- Battle of Kastraki: Part of the Greek War of Independence
| Date | 5 May 1826 |
| Location | Kalavryta Province, Morea Eyalet, Ottoman Empire38°02′40″N 22°11′12″E﻿ / ﻿38.04444°N 22.18667°E |
| Result | Ottoman victory |

Belligerents
- Greek revolutionaries: Ottoman Empire

Commanders and leaders
- Golfinos Petimezas Nikolaos Soliotis Spilios Rodopoulos or Spiliotakis: Ibrahim Pasha of Egypt

Strength
- Irregular army: 20,000 infantry and cavalry

Casualties and losses
- Over 1,500 killed and wounded: 20 killed, 15 captured

= Battle of Kastraki =

1826 battle of the Greek War of Independence

The Battle of Kastraki was a battle of the Greek War of Independence that took place in Kalavryta in 1826 between the Greek revolutionaries and the army of Ibrahim Pasha.

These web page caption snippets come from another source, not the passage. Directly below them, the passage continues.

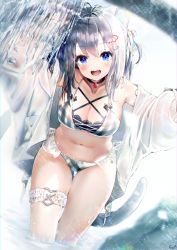 Rule 34 | 1girl, :d, absurdres, animal ear fluff, animal ears, bare shoulders, bell, bikini, black choker, blue eyes, blush, breasts, bridal garter, cat ears, cat girl, cat tail, choker, cleavage, collarbone, commentary, frills, gluteal fold, grey bikini, hair ornament, heart, heart hair ornament, highres, huge filesize, jacket, jingle bell, large breasts, leaning forward, long hair, long sleeves, looking at viewer, mole, mole under eye, navel, neck bell, one side up, open clothes, open jacket, open mouth, original, rasukii (pamiton), signature, silver hair, smile, solo, sparkle, swimsuit, tail, teeth, thigh gap, thighs, unzipped, upper teeth only, virtual youtuber, wading, water, wet jacket, white jacket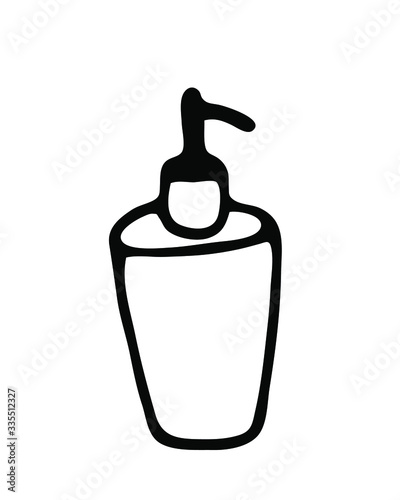 Hand drawn vector illustration with liquid soap or other detergent. Isolated on white background illustration with a hygienic theme for flyers, banners, booklets and other printed materials.
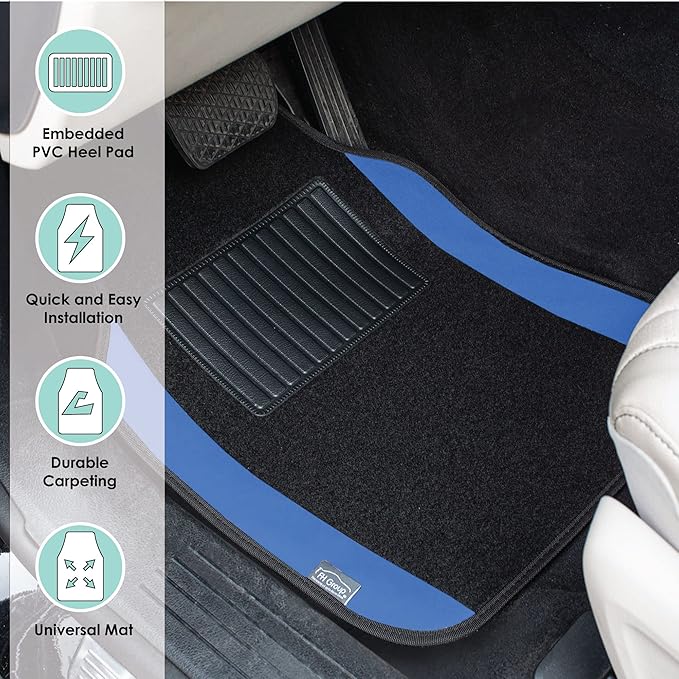 FH Group Automotive Floor Mats – Universal Fit Premium Carpet Car Mats with Driver Heel Pad, Full Set for Cars, SUVs & Trucks - Blue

Kastraki is a fortified location on Helmos near the village of Solos in Achaea. In 1826, Ibrahim Pasha, after the fall of Missolonghi, passed through the Peloponnese and Patras and headed for Tripoli; on the way he plundered the villages he encountered and enslaved the inhabitants.

Arriving at Kalavritochoria, he found it deserted by residents, since they had fled to Kastraki, as had the monks of Agia Lavra and the city of Kalavryta. According to Photakos 2000, another 5,500 civilians were fortified in Kastraki, while Trikoupis speaks of 5,000.

The battle began on the morning of May 5th with the first attack being repelled by the Greeks; the second, however, under the leadership of Ibrahim himself, succeeded in breaking the Greek lines and pushing them back. The losses were heavy for the defenders: about 400 dead, 500 fallen off the cliff or buried in the snow, and about 1000 prisoners. About 200 women with their babies in their arms fell off the cliff to escape captivity. The battle did not continue because Nikolaos Petimezas tricked the attackers into thinking that reinforcements were coming, and Ibrahim withdrew to Kalavryta. Among the prisoners were the wife, sister and son of Nikolaos Soliotis.